Inhibiting anti-social influence
More than media ethics is at stake. My research on promoting pro-social behaviour has found that feelings of connectedness to others cause us to act in a more socially responsible manner, due to the sense of empowerment we derive from connectedness. Being part of a closely-knit group – or simply feeling psychologically connected to the group – bolsters the belief that our actions matter and puts a human face on their consequences.
Empowerment, however, is an amoral force that can be channelled in darker directions. Based on my research on pro-social behaviour, I suspect that in the world of online hate groups, a parallel mechanism to the above may trigger acts considered anti-social by the overwhelming majority of human beings. The sense of empowerment-through-connection that led participants in our social responsibility studies to donate time and money to worthy causes could work the opposite way. Linking up with a hate group may validate and reinforce the fitfully violent imaginings of extremely alienated people, enabling their online rage to explode into actual violence. If empowerment works like an explosive, identification with an infamous, globally feared group like ISIS may act as the detonator – triggering a psychological chain of events that turns a potentially harmless individual into a deadly weapon.

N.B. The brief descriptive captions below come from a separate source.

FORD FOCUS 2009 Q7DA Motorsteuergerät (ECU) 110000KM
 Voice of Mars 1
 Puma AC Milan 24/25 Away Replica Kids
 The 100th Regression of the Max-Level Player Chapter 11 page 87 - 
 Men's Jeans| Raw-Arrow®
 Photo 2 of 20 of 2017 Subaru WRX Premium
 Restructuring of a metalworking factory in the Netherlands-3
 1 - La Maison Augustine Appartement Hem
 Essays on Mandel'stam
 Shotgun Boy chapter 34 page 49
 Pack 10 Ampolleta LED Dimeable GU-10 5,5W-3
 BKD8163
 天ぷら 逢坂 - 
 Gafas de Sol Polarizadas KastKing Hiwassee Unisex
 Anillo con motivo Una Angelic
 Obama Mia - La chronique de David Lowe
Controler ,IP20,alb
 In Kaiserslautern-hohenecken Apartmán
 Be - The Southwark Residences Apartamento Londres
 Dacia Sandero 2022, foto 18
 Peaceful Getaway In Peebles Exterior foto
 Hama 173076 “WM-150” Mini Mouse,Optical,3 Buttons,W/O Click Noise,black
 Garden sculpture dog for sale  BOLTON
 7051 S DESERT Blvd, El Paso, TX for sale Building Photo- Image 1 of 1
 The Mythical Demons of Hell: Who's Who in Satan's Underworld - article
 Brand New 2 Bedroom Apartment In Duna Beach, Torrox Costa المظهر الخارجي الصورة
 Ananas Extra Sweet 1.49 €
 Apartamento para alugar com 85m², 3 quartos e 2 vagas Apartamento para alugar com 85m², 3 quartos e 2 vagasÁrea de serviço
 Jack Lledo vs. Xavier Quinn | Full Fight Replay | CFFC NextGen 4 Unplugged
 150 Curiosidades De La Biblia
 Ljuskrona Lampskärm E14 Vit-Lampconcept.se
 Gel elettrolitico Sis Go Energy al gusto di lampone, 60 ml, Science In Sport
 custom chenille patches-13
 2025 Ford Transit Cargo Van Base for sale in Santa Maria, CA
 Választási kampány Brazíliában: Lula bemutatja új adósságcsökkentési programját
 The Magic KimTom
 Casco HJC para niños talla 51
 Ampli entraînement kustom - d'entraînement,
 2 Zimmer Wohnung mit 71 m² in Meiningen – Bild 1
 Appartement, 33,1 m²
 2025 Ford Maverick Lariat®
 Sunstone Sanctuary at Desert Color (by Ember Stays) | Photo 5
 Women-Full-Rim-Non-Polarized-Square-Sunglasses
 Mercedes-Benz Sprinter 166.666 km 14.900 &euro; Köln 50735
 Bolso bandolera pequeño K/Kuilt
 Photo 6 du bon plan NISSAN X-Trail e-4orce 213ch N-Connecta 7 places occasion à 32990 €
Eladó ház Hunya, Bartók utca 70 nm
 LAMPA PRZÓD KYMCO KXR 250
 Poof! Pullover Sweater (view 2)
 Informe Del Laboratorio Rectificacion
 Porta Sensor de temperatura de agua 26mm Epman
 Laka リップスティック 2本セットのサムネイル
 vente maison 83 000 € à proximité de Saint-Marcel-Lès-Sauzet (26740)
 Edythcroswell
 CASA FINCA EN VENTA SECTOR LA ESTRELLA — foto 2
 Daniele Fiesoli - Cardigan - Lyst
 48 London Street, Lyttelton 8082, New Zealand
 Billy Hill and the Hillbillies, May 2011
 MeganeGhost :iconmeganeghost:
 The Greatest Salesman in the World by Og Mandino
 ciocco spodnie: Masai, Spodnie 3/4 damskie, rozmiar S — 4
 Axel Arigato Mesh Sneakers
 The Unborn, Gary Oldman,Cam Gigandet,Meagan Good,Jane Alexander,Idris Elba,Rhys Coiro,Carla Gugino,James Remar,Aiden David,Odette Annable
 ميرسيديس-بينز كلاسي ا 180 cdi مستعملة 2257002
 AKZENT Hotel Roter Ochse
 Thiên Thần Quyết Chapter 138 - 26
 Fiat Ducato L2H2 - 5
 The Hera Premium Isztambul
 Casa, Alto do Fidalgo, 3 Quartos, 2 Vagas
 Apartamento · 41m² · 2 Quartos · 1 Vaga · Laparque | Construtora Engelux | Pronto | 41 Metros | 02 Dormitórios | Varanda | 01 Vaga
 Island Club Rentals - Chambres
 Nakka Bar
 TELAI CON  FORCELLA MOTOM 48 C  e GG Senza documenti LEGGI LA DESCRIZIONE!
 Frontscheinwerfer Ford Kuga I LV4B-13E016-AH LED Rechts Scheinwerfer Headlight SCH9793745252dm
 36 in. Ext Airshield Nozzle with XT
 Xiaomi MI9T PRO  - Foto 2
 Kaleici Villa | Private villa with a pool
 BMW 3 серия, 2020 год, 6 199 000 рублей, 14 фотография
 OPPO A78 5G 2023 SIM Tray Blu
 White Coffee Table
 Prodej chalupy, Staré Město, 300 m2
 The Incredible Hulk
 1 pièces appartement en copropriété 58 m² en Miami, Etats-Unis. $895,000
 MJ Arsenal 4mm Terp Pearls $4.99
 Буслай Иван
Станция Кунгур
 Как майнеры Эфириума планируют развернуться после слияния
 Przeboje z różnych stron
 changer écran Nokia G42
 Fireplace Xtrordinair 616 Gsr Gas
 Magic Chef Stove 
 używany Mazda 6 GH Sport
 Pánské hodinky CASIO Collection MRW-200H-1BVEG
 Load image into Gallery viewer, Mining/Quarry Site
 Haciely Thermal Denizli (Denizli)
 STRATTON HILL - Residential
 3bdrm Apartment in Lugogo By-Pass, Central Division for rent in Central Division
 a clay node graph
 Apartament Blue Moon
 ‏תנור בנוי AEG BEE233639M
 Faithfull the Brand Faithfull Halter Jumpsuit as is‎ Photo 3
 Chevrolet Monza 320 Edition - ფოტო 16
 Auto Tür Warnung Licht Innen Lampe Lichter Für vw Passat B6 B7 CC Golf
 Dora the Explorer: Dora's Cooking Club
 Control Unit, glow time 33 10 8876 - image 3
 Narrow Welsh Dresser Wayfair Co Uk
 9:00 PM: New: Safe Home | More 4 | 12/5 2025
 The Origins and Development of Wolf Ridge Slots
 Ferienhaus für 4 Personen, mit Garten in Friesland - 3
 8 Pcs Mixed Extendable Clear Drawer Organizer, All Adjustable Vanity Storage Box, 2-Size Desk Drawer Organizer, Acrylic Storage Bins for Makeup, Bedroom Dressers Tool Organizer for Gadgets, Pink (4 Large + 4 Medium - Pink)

How we describe crimes committed in the name of collectives, then, could be key to preventing more from occurring. Emphasising group involvement – even though the group per se may have done little or nothing other than inspiring the perpetrators – may capture the imaginations of people with anti-social sympathies and embolden them to follow suit. Attributing acts to individuals instead of groups may constrain anti-social disaffection from flowering into active fanaticism.
Promoting the pro-social
Furthermore, past research suggests that careful use of language may help promote pro-social sentiments within people who feel at odds with society, essentially defusing the bomb. Media coverage that drives home the human cost of anti-social violence – victim profiles and interviews with grieving families – has the potential not only to stir dormant empathy in the disaffected, but also to inspire feelings of connectedness to a larger human community.
Finally, language invoking a broadly humanistic sense of connectedness may be better for inspiring socially responsible actions than that which references narrower affiliation, such as a professional or social context. To steer newly-empowered individuals in the most humane direction, focus their attention on right vs. wrong at the most basic level. If we incline toward the optimistic belief that every budding terrorist is also a human being possessing the potential to do good, then society should do all it can to enable its isolates to make pro-social choices. And that starts with seeing through the fearsome iconography and propaganda of extremist groups, to the real story: human suffering.
Natalia Karelaia is an Associate Professor of Decision Sciences at INSEAD.